Dans la voiture, il a pris mon visage entre ses mains comme si j’étais fragile.
« Je ne te mérite pas », a-t-il murmuré.
À ce moment-là, j’ai cru que c’était l’amour qui parlait.
Maintenant, je comprends… que c’était la vérité.
Le matin de l’opération était froid et lumineux.
On nous a installés ensemble en salle de pré-opération. Deux lits côte à côte, séparés par un fin rideau.
Des machines émettaient un léger bip autour de nous.
Daniel me fixait, comme s’il n’arrivait pas à croire que je le faisais vraiment.
« Tu es sûre de ça ? » a-t-il demandé à nouveau.
« Oui », ai-je répondu.
Il m’a serré la main.
« Je te le jure, » murmura-t-il d’une voix tremblante, « je passerai le reste de ma vie à me faire pardonner. »
Ces mots me sont restés en tête pendant des mois.
À l’époque, ils me paraissaient romantiques.
Maintenant, ils me semblent juste… ironiques.
La convalescence fut terrible.
Je me suis réveillée avec l’impression d’avoir été écrasée par un camion. Chaque mouvement était douloureux. Chaque respiration était un calvaire.
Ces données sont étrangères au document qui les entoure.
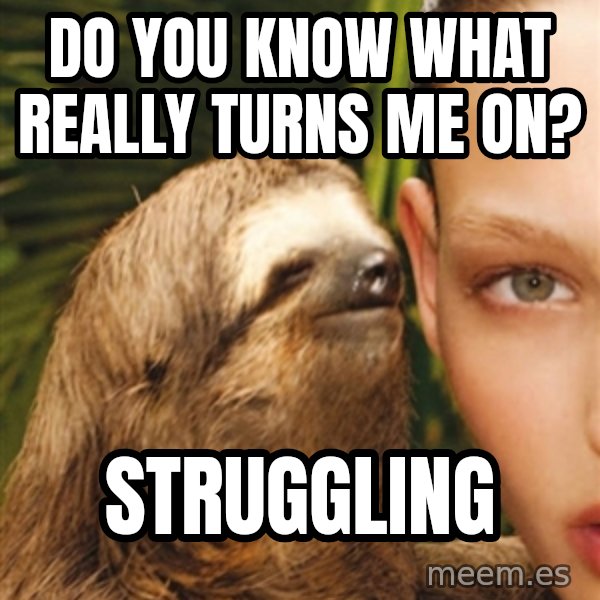 The Rape Sloth meme: Do you know what really turns me on? / Struggling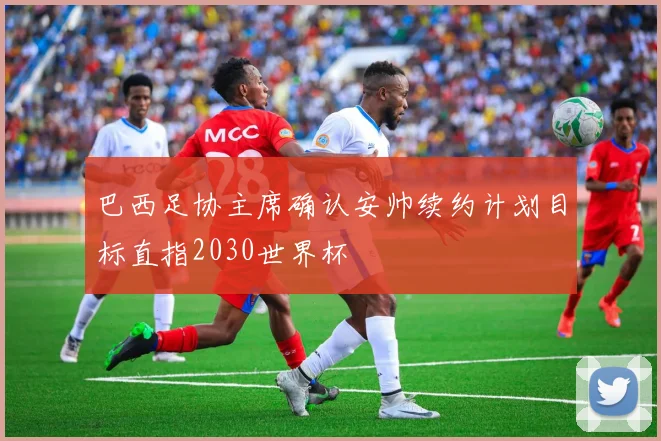 巴西足协主席确认安帅续约计划目标直指2030世界杯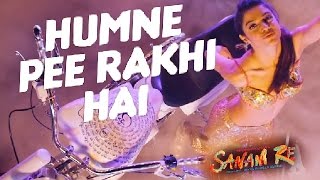 Humne Pee Rakhi Hai Full Song | SANAM RE | Pulkit Samrat & Yami Gautam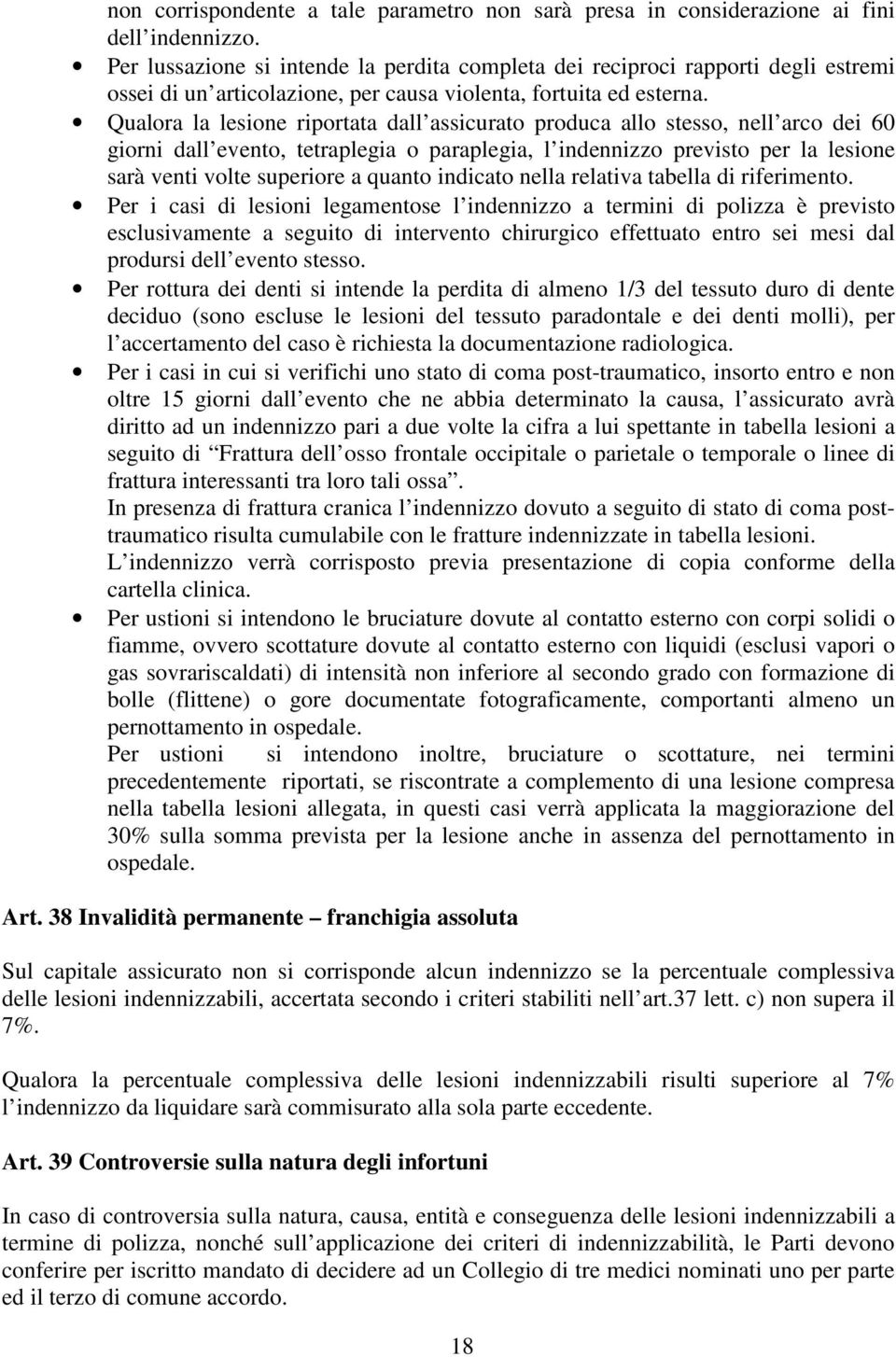 Qualora la lesione riportata dall assicurato produca allo stesso, nell arco dei 60 giorni dall evento, tetraplegia o paraplegia, l indennizzo previsto per la lesione sarà venti volte superiore a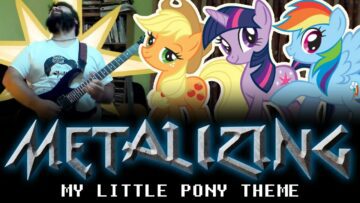 02 - Metalizing My Little Pony Theme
Daniel, quant à lui, avait un rein flambant neuf et une seconde chance.
Pendant des semaines, nous avons traîné des pieds dans la maison, comme deux grands-parents épuisés.
Les enfants ont décoré nos tableaux de médicaments avec des cœurs.
Des amis nous ont apporté des plats cuisinés.
Et chaque soir, Daniel me tenait la main et me répétait la même chose.